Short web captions
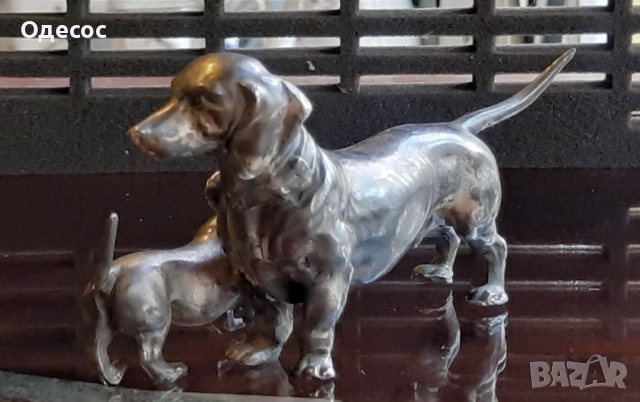 Старинна посребрена композиция от две фигури на дакели, снимка 2 - Антикварни и старинни предмети - 51608257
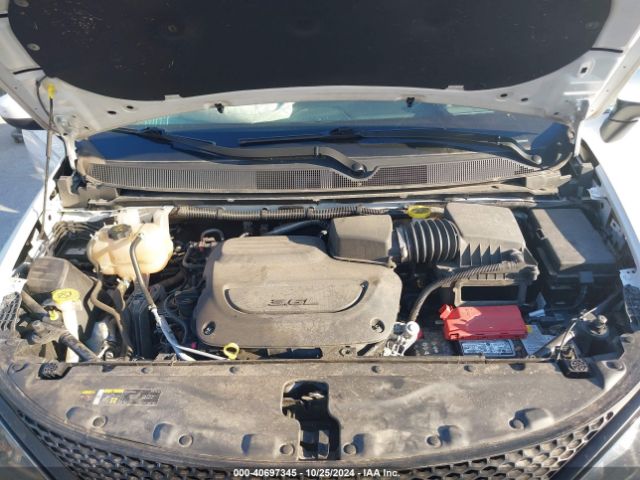 2C4RC1CG5NR158070 Chrysler Voyager Lx
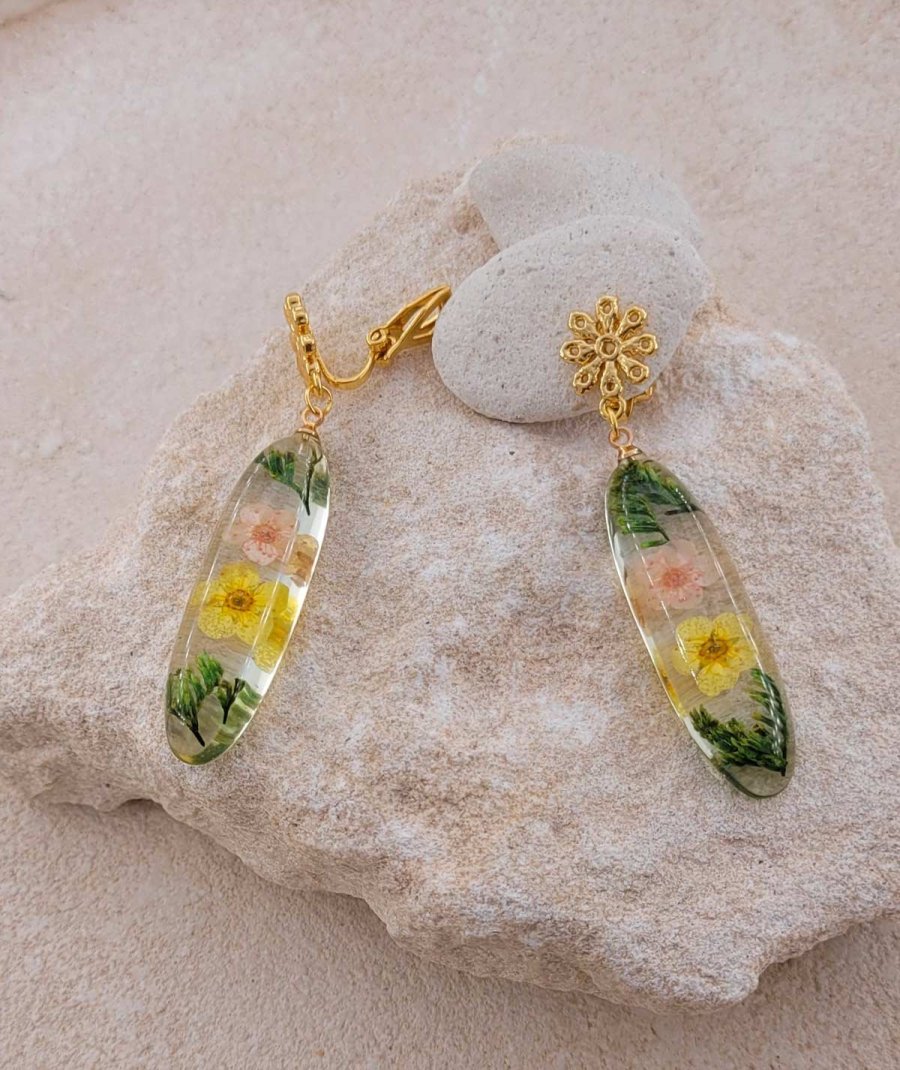 Boucles d'oreilles à clip fleurs séchées jaune et rose, originales et fraîches de taille moyenne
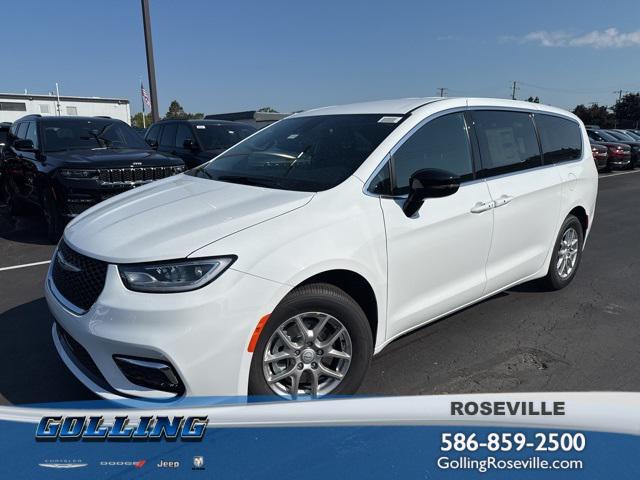new 2025 Chrysler Pacifica car, priced at $41,752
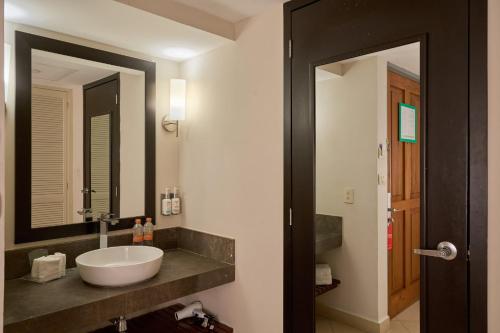 holiday inn tuxtla gutierrez by ihg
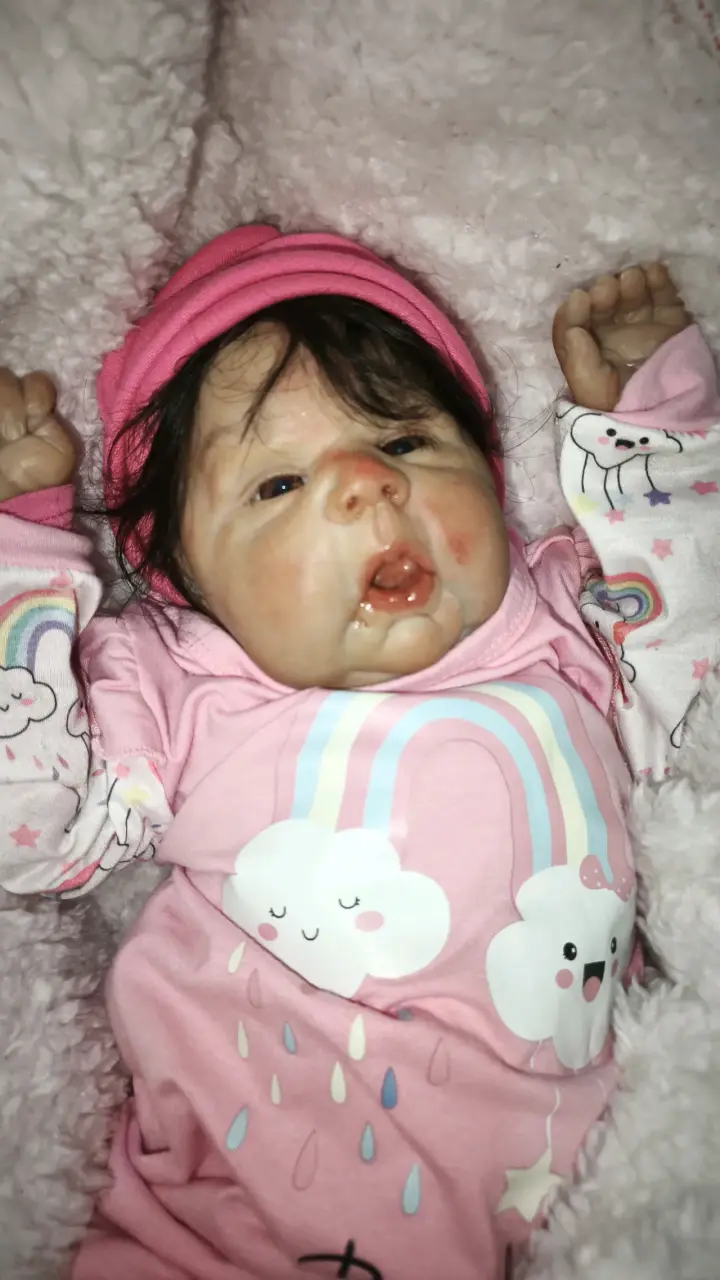 Muñeca reborn realista - 2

--- EXERCISE INSTRUCTIONS ---
With the pictures removed, return each record above exactly as given.

--- RESULT BELOW ---
 Старинна посребрена композиция от две фигури на дакели, снимка 2 - Антикварни и старинни предмети - 51608257
 2C4RC1CG5NR158070 Chrysler Voyager Lx
 Boucles d'oreilles à clip fleurs séchées jaune et rose, originales et fraîches de taille moyenne
new 2025 Chrysler Pacifica car, priced at $41,752
 holiday inn tuxtla gutierrez by ihg
 Muñeca reborn realista - 2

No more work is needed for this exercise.